* Task to carry out *
Each record that comes next should be output exactly; pictures do not belong in the copy.

(Saved entries)
┌──

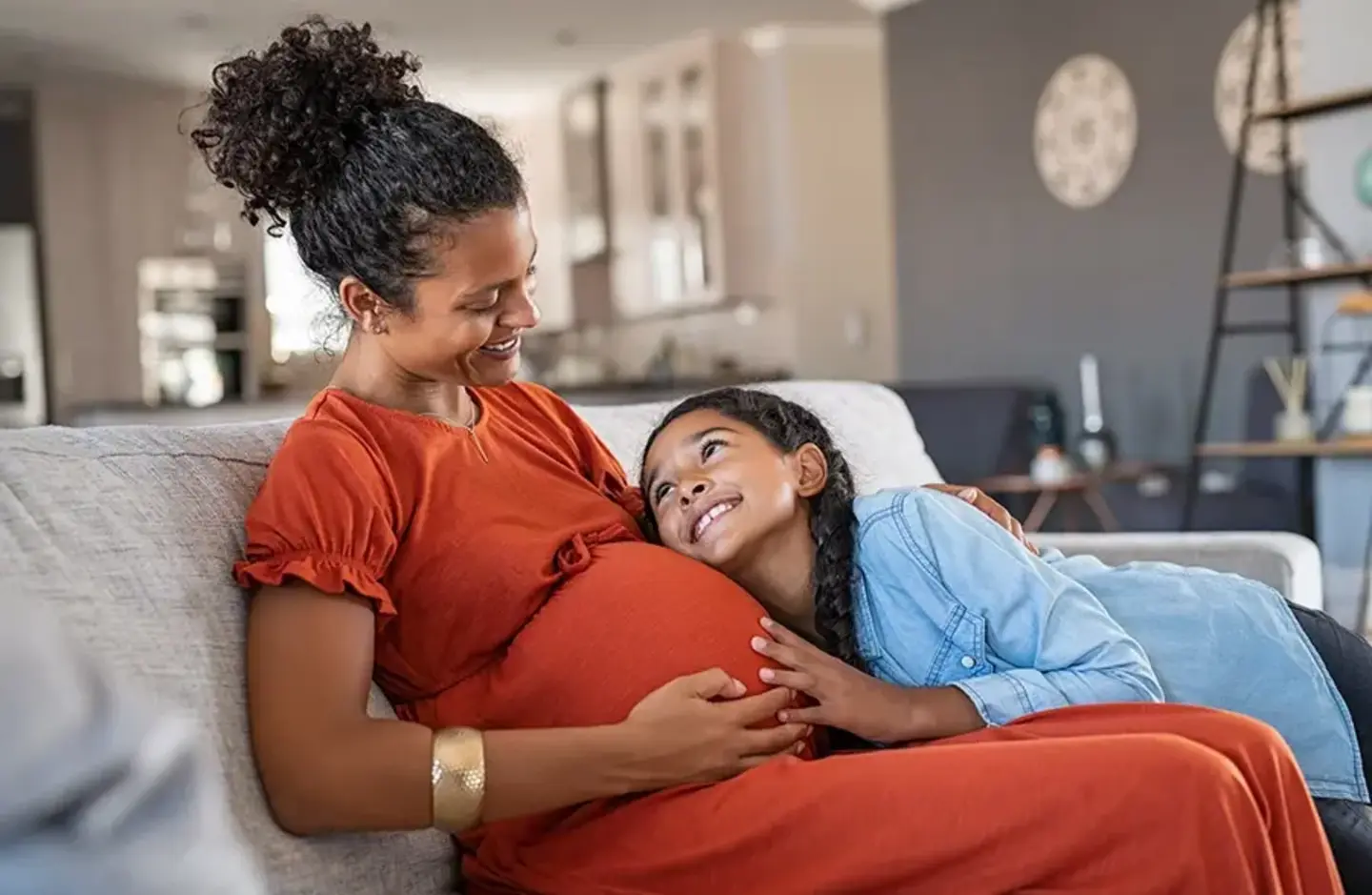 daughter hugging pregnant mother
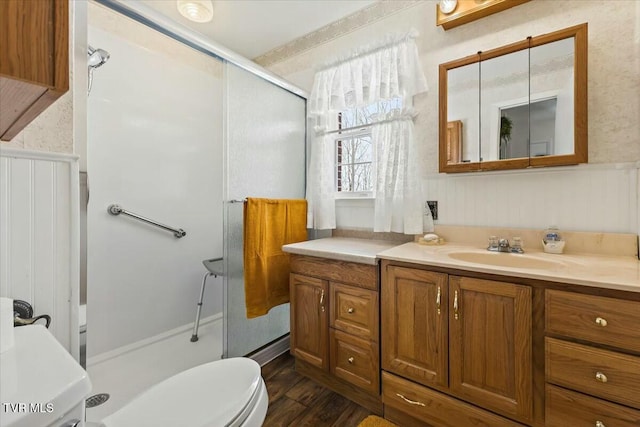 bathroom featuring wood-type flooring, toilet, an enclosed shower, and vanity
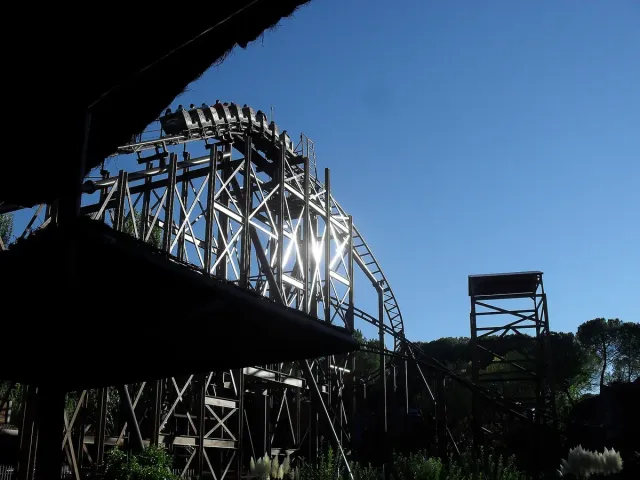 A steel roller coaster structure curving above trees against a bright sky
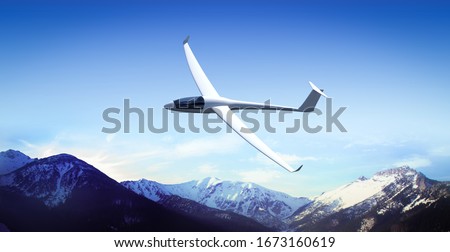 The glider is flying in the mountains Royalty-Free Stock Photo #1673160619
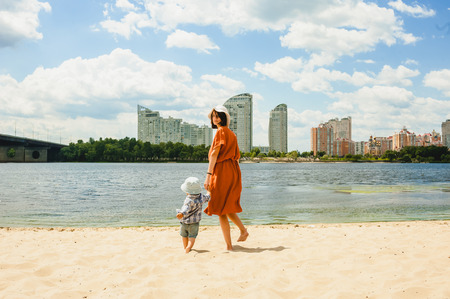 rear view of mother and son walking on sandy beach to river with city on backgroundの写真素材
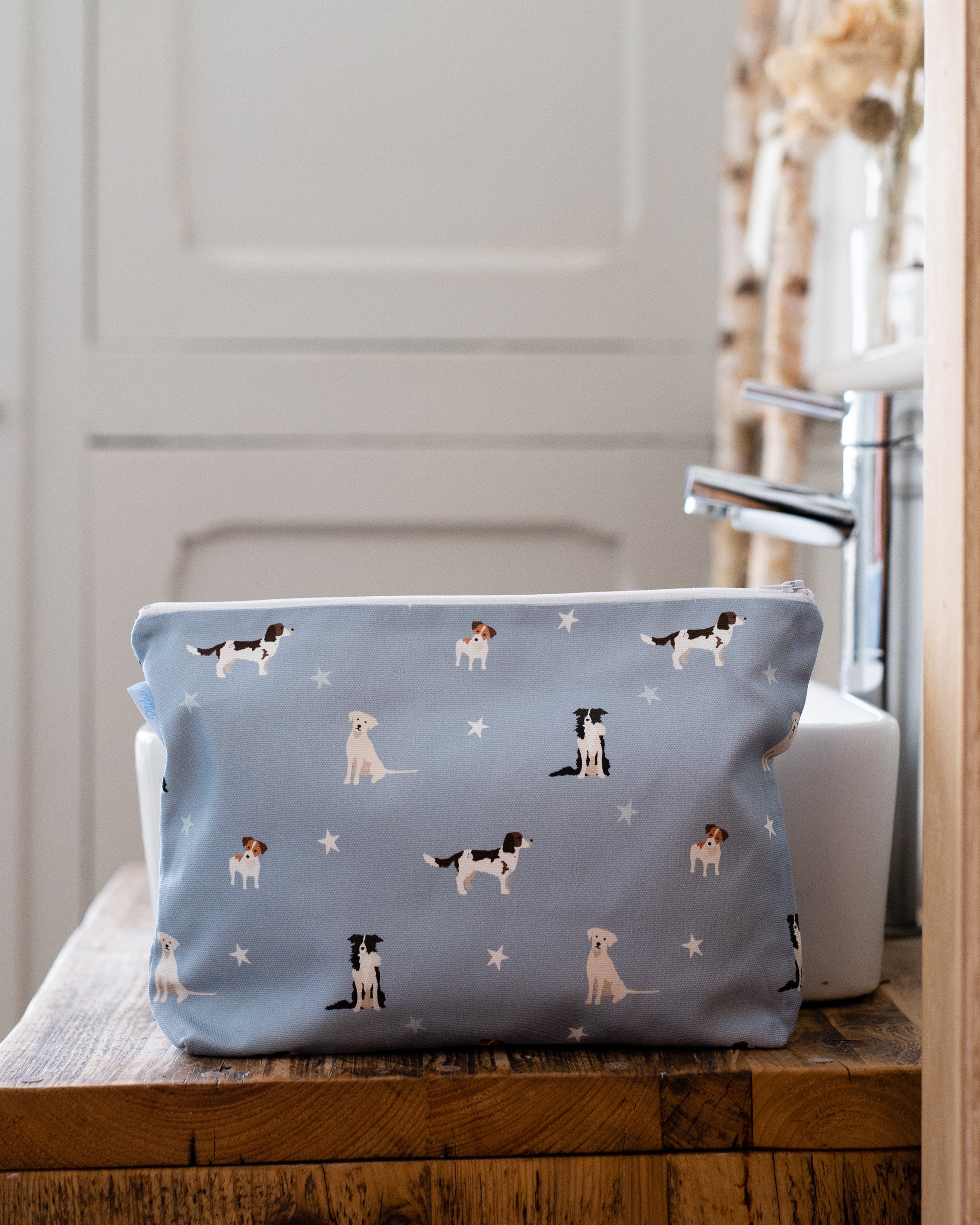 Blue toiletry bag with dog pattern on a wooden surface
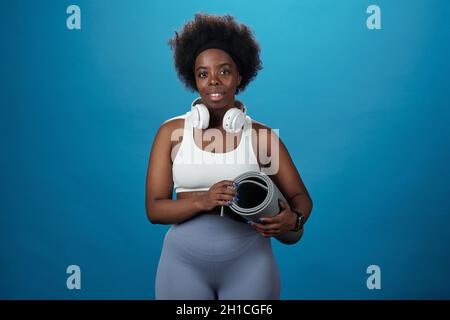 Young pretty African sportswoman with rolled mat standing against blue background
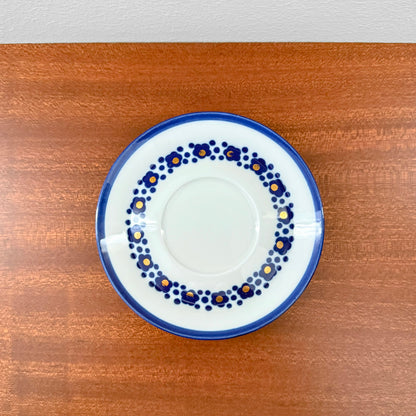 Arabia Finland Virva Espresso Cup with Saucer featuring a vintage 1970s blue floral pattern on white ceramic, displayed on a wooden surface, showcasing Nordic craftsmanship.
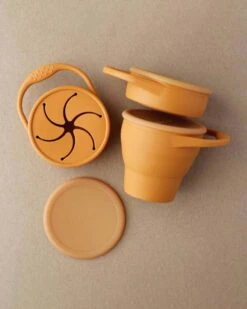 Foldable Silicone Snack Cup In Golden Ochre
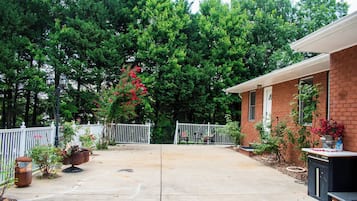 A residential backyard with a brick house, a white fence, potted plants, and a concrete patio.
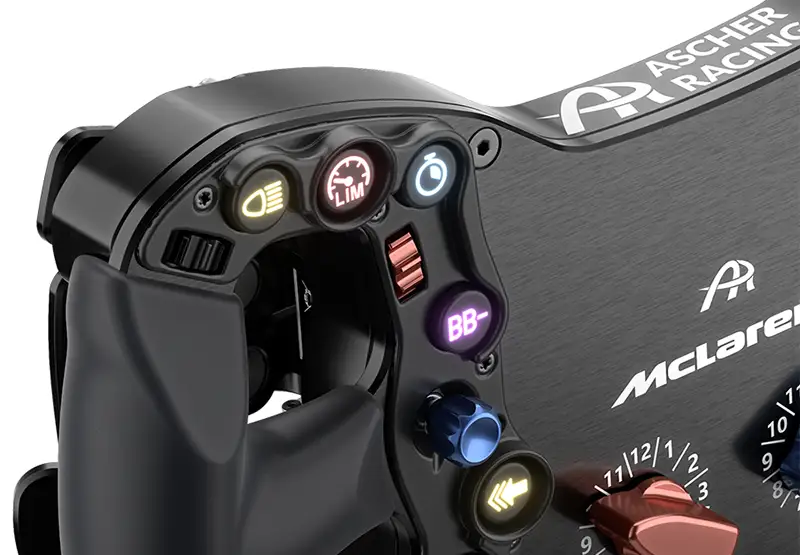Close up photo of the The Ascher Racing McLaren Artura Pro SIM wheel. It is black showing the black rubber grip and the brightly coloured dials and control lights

└──

* Task result *
 daughter hugging pregnant mother
 bathroom featuring wood-type flooring, toilet, an enclosed shower, and vanity
 A steel roller coaster structure curving above trees against a bright sky
 The glider is flying in the mountains Royalty-Free Stock Photo #1673160619
 rear view of mother and son walking on sandy beach to river with city on backgroundの写真素材
 Blue toiletry bag with dog pattern on a wooden surface
 Young pretty African sportswoman with rolled mat standing against blue background
 Arabia Finland Virva Espresso Cup with Saucer featuring a vintage 1970s blue floral pattern on white ceramic, displayed on a wooden surface, showcasing Nordic craftsmanship.
 Foldable Silicone Snack Cup In Golden Ochre
 A residential backyard with a brick house, a white fence, potted plants, and a concrete patio.
Close up photo of the The Ascher Racing McLaren Artura Pro SIM wheel. It is black showing the black rubber grip and the brightly coloured dials and control lights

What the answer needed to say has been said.